··· RECORDS SUPPLIED ···

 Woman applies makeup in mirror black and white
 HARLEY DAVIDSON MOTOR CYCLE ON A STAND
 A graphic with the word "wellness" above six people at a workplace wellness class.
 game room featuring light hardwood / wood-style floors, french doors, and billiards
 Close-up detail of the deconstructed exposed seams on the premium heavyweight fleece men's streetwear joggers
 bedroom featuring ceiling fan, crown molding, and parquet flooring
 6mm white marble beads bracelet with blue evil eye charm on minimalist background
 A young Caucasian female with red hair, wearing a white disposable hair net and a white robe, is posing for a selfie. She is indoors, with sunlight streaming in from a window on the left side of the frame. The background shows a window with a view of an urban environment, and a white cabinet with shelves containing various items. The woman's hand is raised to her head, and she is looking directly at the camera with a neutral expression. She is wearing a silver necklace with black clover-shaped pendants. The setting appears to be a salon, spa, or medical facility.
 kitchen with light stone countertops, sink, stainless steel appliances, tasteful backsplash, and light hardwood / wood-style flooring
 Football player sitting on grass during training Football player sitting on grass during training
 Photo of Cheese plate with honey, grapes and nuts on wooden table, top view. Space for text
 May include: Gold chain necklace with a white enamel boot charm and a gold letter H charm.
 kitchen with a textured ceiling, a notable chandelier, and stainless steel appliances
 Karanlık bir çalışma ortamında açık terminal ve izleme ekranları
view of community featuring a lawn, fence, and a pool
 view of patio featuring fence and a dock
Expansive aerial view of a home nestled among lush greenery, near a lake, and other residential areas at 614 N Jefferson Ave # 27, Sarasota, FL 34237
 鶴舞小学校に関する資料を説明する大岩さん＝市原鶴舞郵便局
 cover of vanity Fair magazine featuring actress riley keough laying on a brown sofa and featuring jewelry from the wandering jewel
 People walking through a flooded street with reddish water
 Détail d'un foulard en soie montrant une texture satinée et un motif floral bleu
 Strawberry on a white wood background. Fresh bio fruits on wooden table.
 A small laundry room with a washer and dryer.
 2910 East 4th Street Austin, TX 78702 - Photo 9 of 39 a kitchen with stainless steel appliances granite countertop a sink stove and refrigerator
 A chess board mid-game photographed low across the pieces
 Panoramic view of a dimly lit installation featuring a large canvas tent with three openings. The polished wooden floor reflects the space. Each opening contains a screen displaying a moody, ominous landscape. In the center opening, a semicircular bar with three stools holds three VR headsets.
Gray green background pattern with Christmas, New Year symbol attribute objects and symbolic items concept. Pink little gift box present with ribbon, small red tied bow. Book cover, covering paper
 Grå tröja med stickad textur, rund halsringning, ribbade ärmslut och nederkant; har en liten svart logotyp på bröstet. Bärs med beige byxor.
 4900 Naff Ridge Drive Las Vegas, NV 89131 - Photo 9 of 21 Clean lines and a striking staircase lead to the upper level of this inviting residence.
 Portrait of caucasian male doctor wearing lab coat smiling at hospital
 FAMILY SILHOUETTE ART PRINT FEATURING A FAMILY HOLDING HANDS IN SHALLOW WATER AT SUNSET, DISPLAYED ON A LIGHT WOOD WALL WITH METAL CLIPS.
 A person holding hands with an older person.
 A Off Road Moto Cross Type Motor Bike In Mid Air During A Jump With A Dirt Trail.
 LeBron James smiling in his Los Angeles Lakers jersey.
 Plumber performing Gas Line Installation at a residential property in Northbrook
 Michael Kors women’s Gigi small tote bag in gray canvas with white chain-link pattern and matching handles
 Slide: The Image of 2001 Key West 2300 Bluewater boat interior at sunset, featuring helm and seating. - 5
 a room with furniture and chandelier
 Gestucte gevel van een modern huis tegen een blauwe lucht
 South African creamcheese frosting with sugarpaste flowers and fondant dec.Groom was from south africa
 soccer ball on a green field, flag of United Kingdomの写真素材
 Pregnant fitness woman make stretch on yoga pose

···

Starting from the first line above, copy the data through to the last line exactly.

 Woman applies makeup in mirror black and white
 HARLEY DAVIDSON MOTOR CYCLE ON A STAND
 A graphic with the word "wellness" above six people at a workplace wellness class.
 game room featuring light hardwood / wood-style floors, french doors, and billiards
 Close-up detail of the deconstructed exposed seams on the premium heavyweight fleece men's streetwear joggers
 bedroom featuring ceiling fan, crown molding, and parquet flooring
 6mm white marble beads bracelet with blue evil eye charm on minimalist background
 A young Caucasian female with red hair, wearing a white disposable hair net and a white robe, is posing for a selfie. She is indoors, with sunlight streaming in from a window on the left side of the frame. The background shows a window with a view of an urban environment, and a white cabinet with shelves containing various items. The woman's hand is raised to her head, and she is looking directly at the camera with a neutral expression. She is wearing a silver necklace with black clover-shaped pendants. The setting appears to be a salon, spa, or medical facility.
 kitchen with light stone countertops, sink, stainless steel appliances, tasteful backsplash, and light hardwood / wood-style flooring
 Football player sitting on grass during training Football player sitting on grass during training
 Photo of Cheese plate with honey, grapes and nuts on wooden table, top view. Space for text
 May include: Gold chain necklace with a white enamel boot charm and a gold letter H charm.
 kitchen with a textured ceiling, a notable chandelier, and stainless steel appliances
 Karanlık bir çalışma ortamında açık terminal ve izleme ekranları
view of community featuring a lawn, fence, and a pool
 view of patio featuring fence and a dock
Expansive aerial view of a home nestled among lush greenery, near a lake, and other residential areas at 614 N Jefferson Ave # 27, Sarasota, FL 34237
 鶴舞小学校に関する資料を説明する大岩さん＝市原鶴舞郵便局
 cover of vanity Fair magazine featuring actress riley keough laying on a brown sofa and featuring jewelry from the wandering jewel
 People walking through a flooded street with reddish water
 Détail d'un foulard en soie montrant une texture satinée et un motif floral bleu
 Strawberry on a white wood background. Fresh bio fruits on wooden table.
 A small laundry room with a washer and dryer.
 2910 East 4th Street Austin, TX 78702 - Photo 9 of 39 a kitchen with stainless steel appliances granite countertop a sink stove and refrigerator
 A chess board mid-game photographed low across the pieces
 Panoramic view of a dimly lit installation featuring a large canvas tent with three openings. The polished wooden floor reflects the space. Each opening contains a screen displaying a moody, ominous landscape. In the center opening, a semicircular bar with three stools holds three VR headsets.
Gray green background pattern with Christmas, New Year symbol attribute objects and symbolic items concept. Pink little gift box present with ribbon, small red tied bow. Book cover, covering paper
 Grå tröja med stickad textur, rund halsringning, ribbade ärmslut och nederkant; har en liten svart logotyp på bröstet. Bärs med beige byxor.
 4900 Naff Ridge Drive Las Vegas, NV 89131 - Photo 9 of 21 Clean lines and a striking staircase lead to the upper level of this inviting residence.
 Portrait of caucasian male doctor wearing lab coat smiling at hospital
 FAMILY SILHOUETTE ART PRINT FEATURING A FAMILY HOLDING HANDS IN SHALLOW WATER AT SUNSET, DISPLAYED ON A LIGHT WOOD WALL WITH METAL CLIPS.
 A person holding hands with an older person.
 A Off Road Moto Cross Type Motor Bike In Mid Air During A Jump With A Dirt Trail.
 LeBron James smiling in his Los Angeles Lakers jersey.
 Plumber performing Gas Line Installation at a residential property in Northbrook
 Michael Kors women’s Gigi small tote bag in gray canvas with white chain-link pattern and matching handles
 Slide: The Image of 2001 Key West 2300 Bluewater boat interior at sunset, featuring helm and seating. - 5
 a room with furniture and chandelier
 Gestucte gevel van een modern huis tegen een blauwe lucht
 South African creamcheese frosting with sugarpaste flowers and fondant dec.Groom was from south africa
 soccer ball on a green field, flag of United Kingdomの写真素材
 Pregnant fitness woman make stretch on yoga pose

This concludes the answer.